Closed xinau closed 6 months ago

xinau commented 10 months ago

Hey :wave:, the change introduced in #109 results in the capacity scaler setting being overridden when being set by an external tool. This is a breakage to the previous behavior and can be potentially be dangerous for production environments.

Before, when a service had been created with an initial_capacity of 50 the NEGs would have been added with a capacity of 50%. When the capacity got changed on the NEGs via an external tool, the controller during reconciliation would leave it as it is.

With #109, when the capacity is changed and the controller reconciles, the capacity is set back to the initial_capacity.

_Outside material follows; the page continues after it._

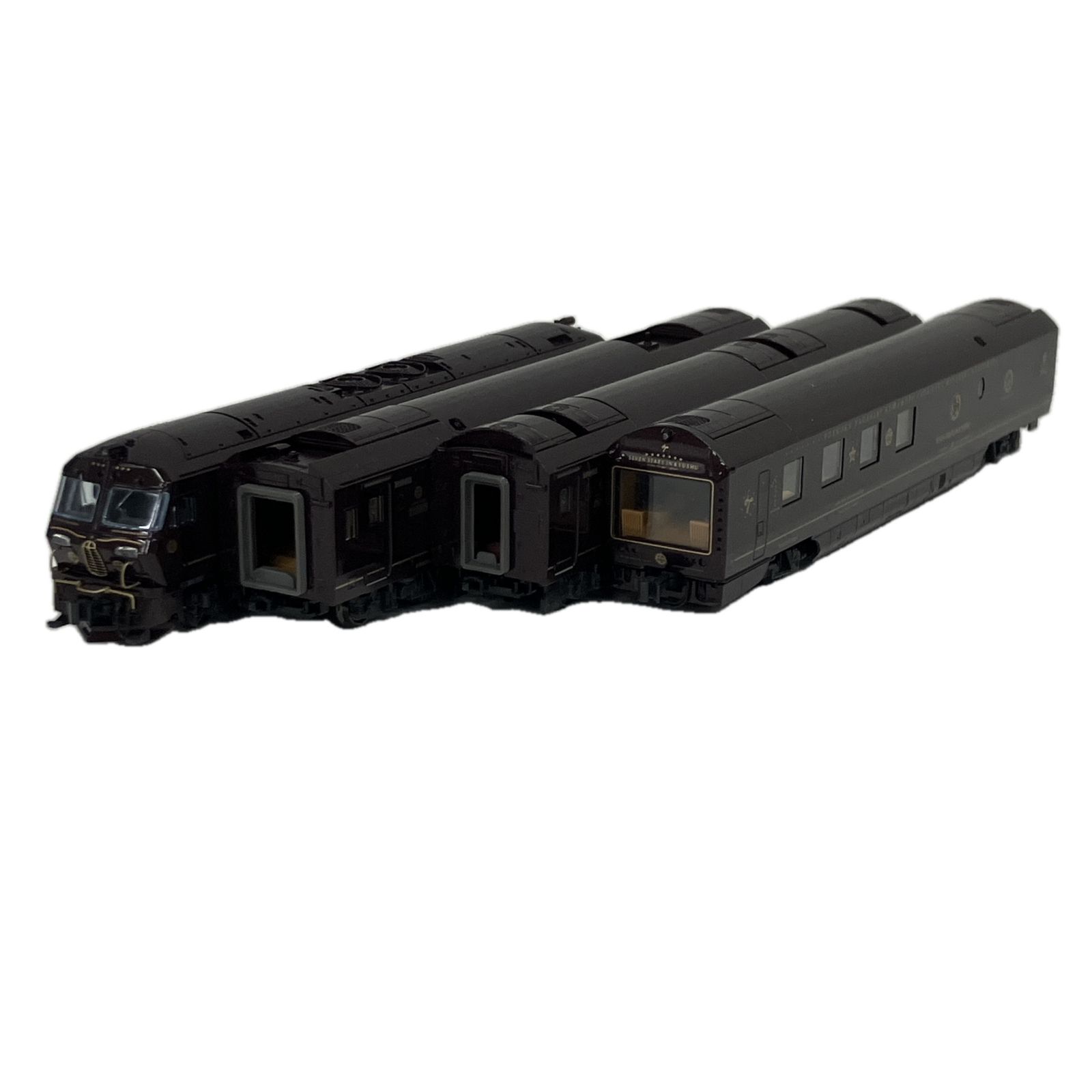 KATO 10-1519 クルーズトレイン ななつ星in九州 A B 8両セット Nゲージ 鉄道模型 カトー S10481877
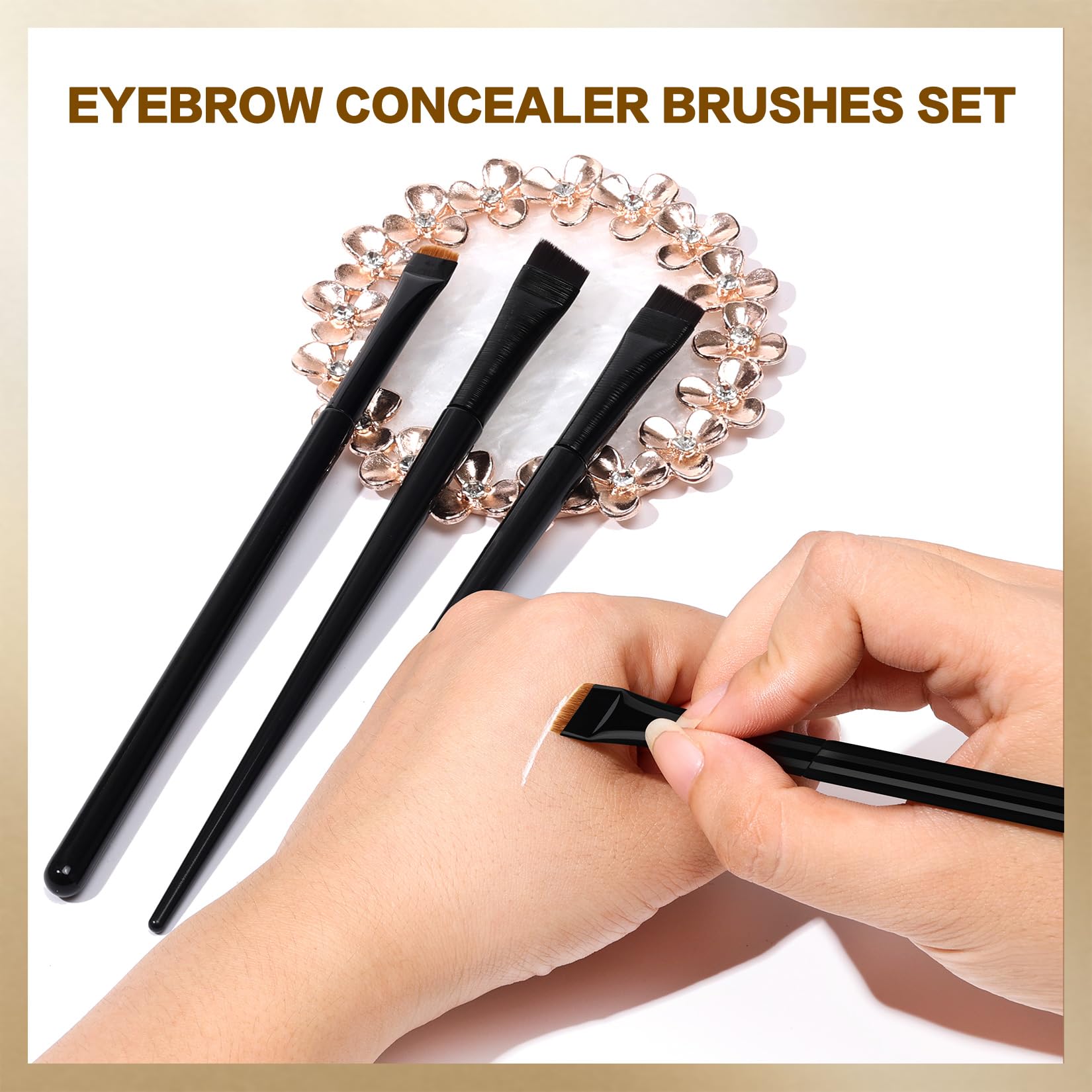 Nettoyage simple des brosses QUEEJOY pour préserver la forme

This can be easily compared with the latest version and v1.0.0.

  1. create a service with a neg config for "initial_capacity": 50
  2. wait for the controller to add the NEGs with 50% to the backend
  3. update the capacity in the console to 75%
  4. wait for the console to update the capacity to 75%
  5. wait for or force a reconciliation by the controller
  6. check the capacity of the NEGs

I do see merit in having an "overriding" annotation as well as externally manageable way. This can probably be best achived by

Thanks for creating this tool.

cc @rosmo and @darkstarmv

darkstarmv commented 10 months ago

I can add a flag with default value of false to prevent sync, so original behavior is not changed

xinau commented 10 months ago

My 5 cent. I think restoring the original behavior would be the sane thing to do regardless, or properly announcing the breakage in the next release.

I think it's important to name either the flag properly or use another field as initial_capacity clearly indicates that this is the initial value and thus it can be assumed that it won't be causing any effect afterwards.

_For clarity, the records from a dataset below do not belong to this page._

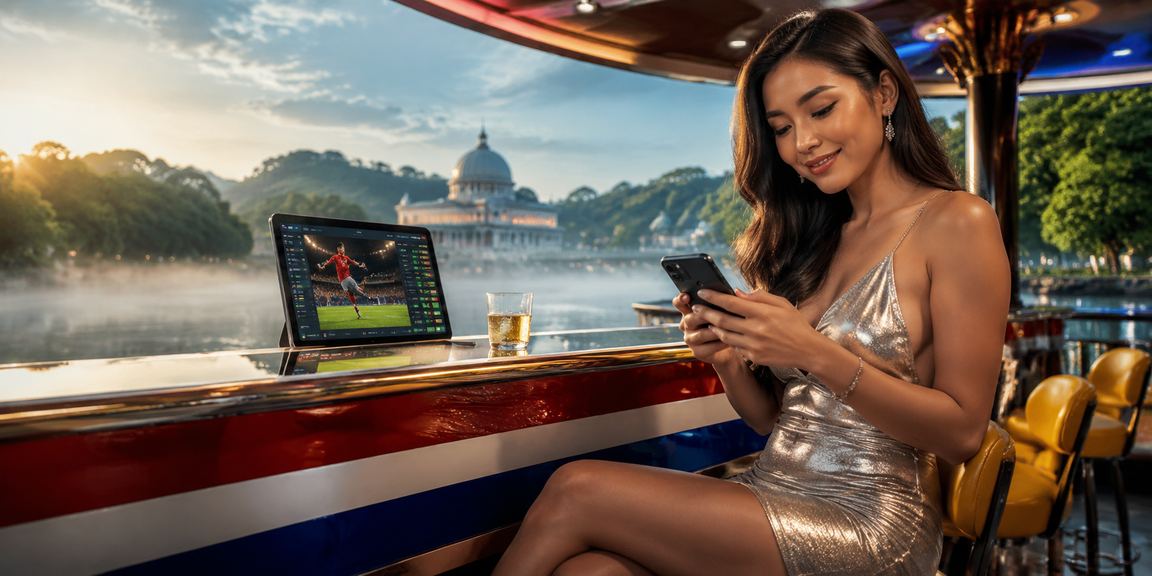 Pengguna di Putrajaya mengakses platform kasino mudah alih 308 melalui telefon pintar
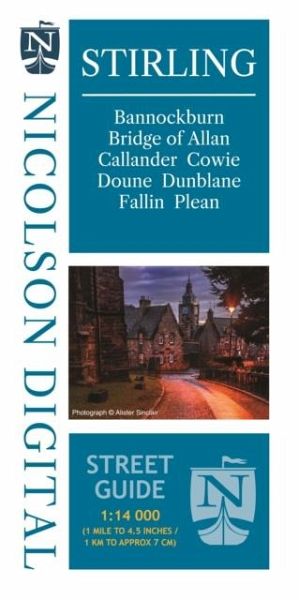 Nicolson Street Map Stirling Nicolson Street Map Stirling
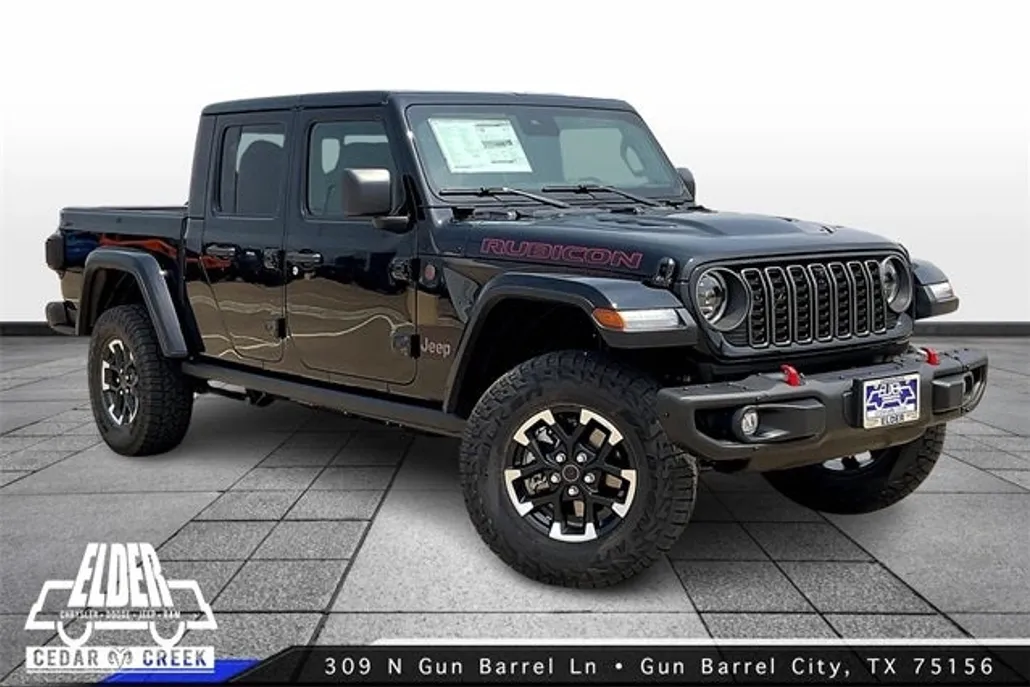 2025 Jeep Gladiator Rubicon photo 1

rosmo commented 9 months ago

@xinau Yes, any changes will be announced properly. I wouldn't recommend using master branch built versions in production.

@darkstarmv I'd be fine with both implementation (initial_capacity or flag update_capacity (or similar)).

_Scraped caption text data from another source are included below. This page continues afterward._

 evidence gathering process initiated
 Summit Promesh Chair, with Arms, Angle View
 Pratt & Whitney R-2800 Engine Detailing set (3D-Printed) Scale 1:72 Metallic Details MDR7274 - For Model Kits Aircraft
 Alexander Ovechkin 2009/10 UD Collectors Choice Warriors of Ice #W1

xinau commented 9 months ago

@rosmo, Thanks for taking care of this.

rosmo commented 8 months ago

@darkstarmv Do you have some time to add flag or should I look into it?

darkstarmv commented 8 months ago

@rosmo I can work on it this week. My plan is:

  1. add controller.autoneg.dev/sync annotation, so users can set synchronization of K8s settings to Google per K8s service.
  2. If controller.autoneg.dev/sync: true - update capacityScaler with K8s service value
  3. If controller.autoneg.dev/sync: false or not present - do not update capacityScaler from k8s service value
rosmo commented 7 months ago

@darkstarmv Thanks, let me know if you need help.

rosmo commented 6 months ago

I went ahead and implemented the above, but with a slight twist, making the sync annotation more flexible. Please see #125.

The annotation would be controller.autoneg.dev/sync: '{"capacity_scaler":true}'

rosmo commented 6 months ago

@xinau Would you be able to test the current master? It should not override any existing settings.